His eyes unfocused, and for a moment he appeared to be deep in thought. Then, he said, “Would you like some breakfast?”

She stared at him in disbelieving silence.

“There’s oatmeal and coffee. And whiskey, of course, if you want it.”

She let out a small, annoyed shriek.

“I’m sorry, I’m sorry,” he said, not very placatingly. “Do you want me to go up and check your room for you, see if the hinges on the door need oiling or something like that?”

“You don’t believe me,” she said. “That is – you are –”

“You have to admit, Elena, it sounds a little bit odd.”

“Either you are doing this yourself and lying to me for your own sick amusement,” she said, “or you’re completely useless.” She whirled around, but she’d only gotten a couple steps when he appeared in front of her.

“At least take some coffee,” he said, offering her a mug.

She glared at him. But she took the coffee.

Her bedroom proved frustratingly void of proof or explanation. The table she remembered searching the night before was now absolutely rife with candles and matches both, the bed was only vaguely rumpled with no convenient strands of hair left on either pillow, and there was no locking mechanism whatsoever on the door. After a while, the monster knocked, and poked around exploratively and offered to help her move her things to a different room, until she got frustrated with his all-too-apparent skepticism and kicked him out. Then she sat in the center of the bed she’d been ousted from, angrily sipped her tepid coffee, and wondered if she’d better forsake her word and quit now.

When she got tired of feeling sorry for herself, she drew a bath and felt sorry for herself in the bath for a change of scenery. She wedged a small table firmly underneath the door handle first, no longer trusting her privacy to her host, or whoever or whatever else might be lurking around the house. The hot water soothed her sore back and neck, if not her hurt feelings, and by the time she stepped out she’d regained just enough goodwill to be curious about the pile of clothes in her wardrobe.

If not quite as alarming, the clothes turned out to be almost as baffling as her night had been.

The first thing she noticed was that there seemed to be years and years’ worth of clothes, in dozens of different styles from different eras. The only thing they had in common was that they were all of the best quality, and all tending rather towards the scandalous than the dowdy. The second thing that became clear after she tried on a couple of the less extravagant pieces, was that they all fit her – _perfectly_. She hadn’t noticed it as much with the nightgown because it was so unlike anything she’d ever owned, but every single dress and every pair of trousers could have been tailored specifically for her. Even the shoes she uncovered at the bottom of the pile fit her, although they were too tall for her to be remotely interested in wearing them around the house. After the eighth outfit fit like yet another second skin, she gave up on playing dress-up and went to go look for the monster.

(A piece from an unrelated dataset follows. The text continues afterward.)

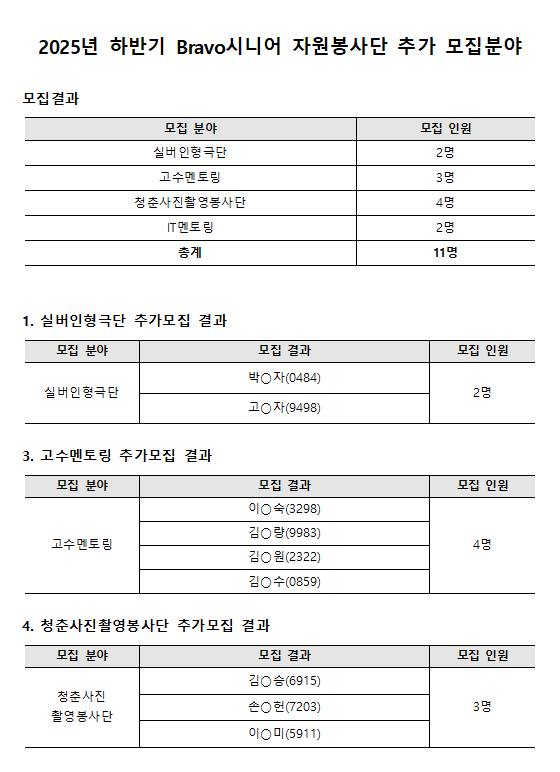 6a158cfc83150.png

She found him in the library, fully-clothed this time, his feet up on the furniture, his nose in a book, and a new glass of whiskey by his elbow. He looked up when she entered, and she spread her arms to call attention to her new clothes. “You look very nice,” he said obligingly, “though I see you haven’t done anything about the eye circles.”

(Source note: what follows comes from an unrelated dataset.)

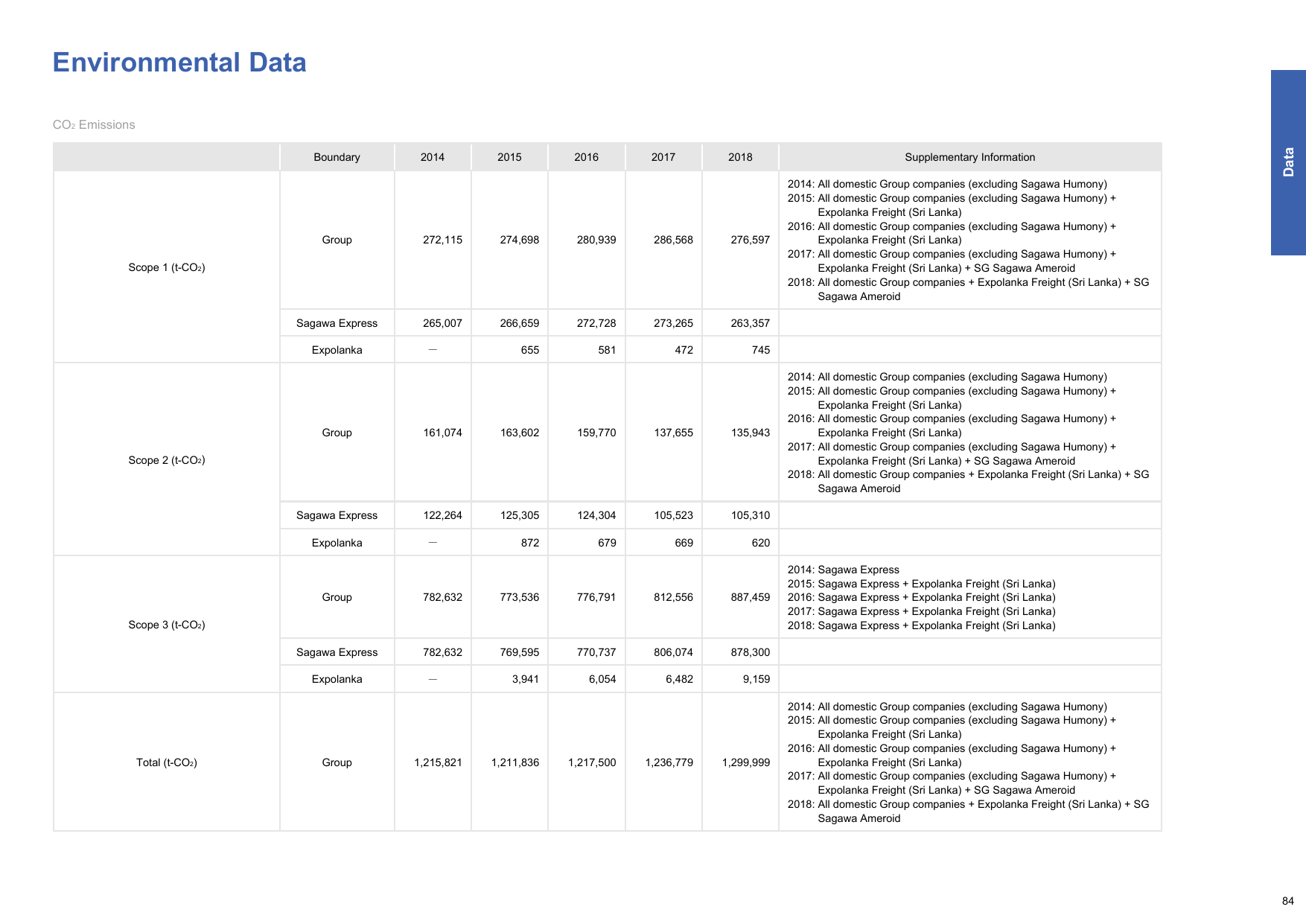 Emissions data extracted from page 85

“That is _not_ what I meant, and you know it,” she retorted. “Where did these come from?”

He eyed her warily. “You have a very accusatory tone, has anybody ever told you that?” She just raised her eyebrows at him, and he sighed. “Do they not suit?”

“They suit _too_ well. Did you have an entire wardrobe made for me before you brought me here? How did you know I’d come? How did you get my measurements?”

He put his book down on his lap and raised a hand to stop her. “The clothes weren’t made for you.”

“Where did you find them? Are they a part of the magic of the house?”

“What are you talking about?”

“Did the house create them for me?”

“No. No, the house didn’t _create_ them. They were in storage and I pulled them out. What could possibly make you think there was anything inherently magical about this house?” She just looked at him. He sighed. “Of course, how silly of me, the locking unlockable doors and the unseen sleeper.”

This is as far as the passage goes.